According to Minister Bishop, the new embassy design will promote an enduring vision of a contemporary and innovative Australia that pays tribute to the Australian Landscape. Plus, innovative environmental design solutions will be used throughout the building which will have the highest global environmental design standards.
According to Architecture AU, among the design solutions will be a green roof using solar panels. The capacity of the solar power system to be integrated is unknown, but with a rooftop with that size, it could be significant and make a major contribution towards minimizing electricity costs that is associated with running the building. The building will also be clad in thermally efficient façade.
Other features of the new Australian embassy include a huge glass atrium in the centre of the building, a large public open space that will look back towards the White House and an exhibition gallery and function rooms.

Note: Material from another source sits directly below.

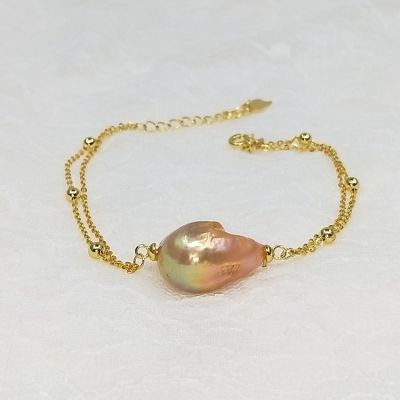 metallic pink baroque pearl bracelet with sterling silver chain 12x15mm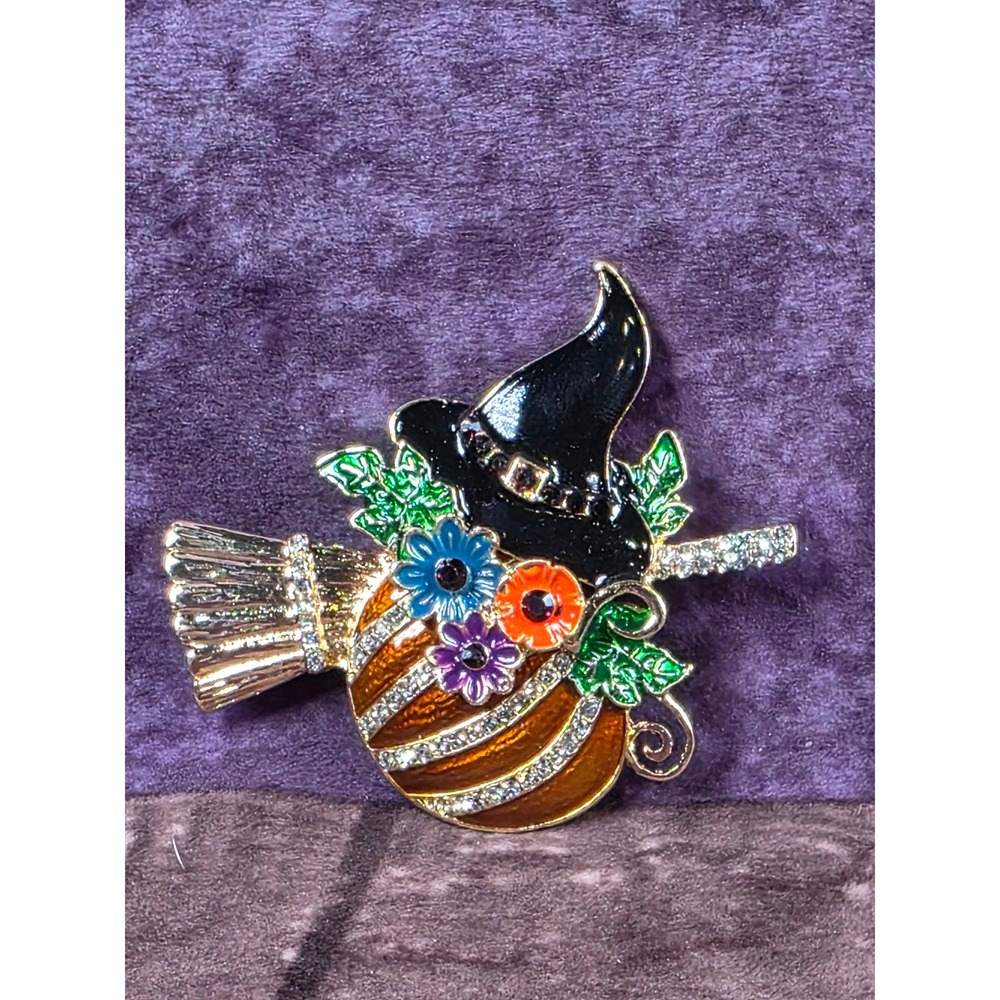 Halloween Witch Hat Pumpkin Brooch Pin Flowers Rhinestones Gold Tone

Bates Smart is understandably quite blown away with being the selected designer for the $237 million project and is promising the new Embassy will attract attention. According to company director, Kristen Whittle, the project has a refined and rich material which will make it stand out in Washington. The company boast of its 160-year history and has studios in Sydney and Melbourne with a staff more than 200.
The new embassy building will not be the first Australian Embassy to harness the energy of the sun. Last March, the Australian embassy in Jakarta was opened, which features a number of solar hot water systems.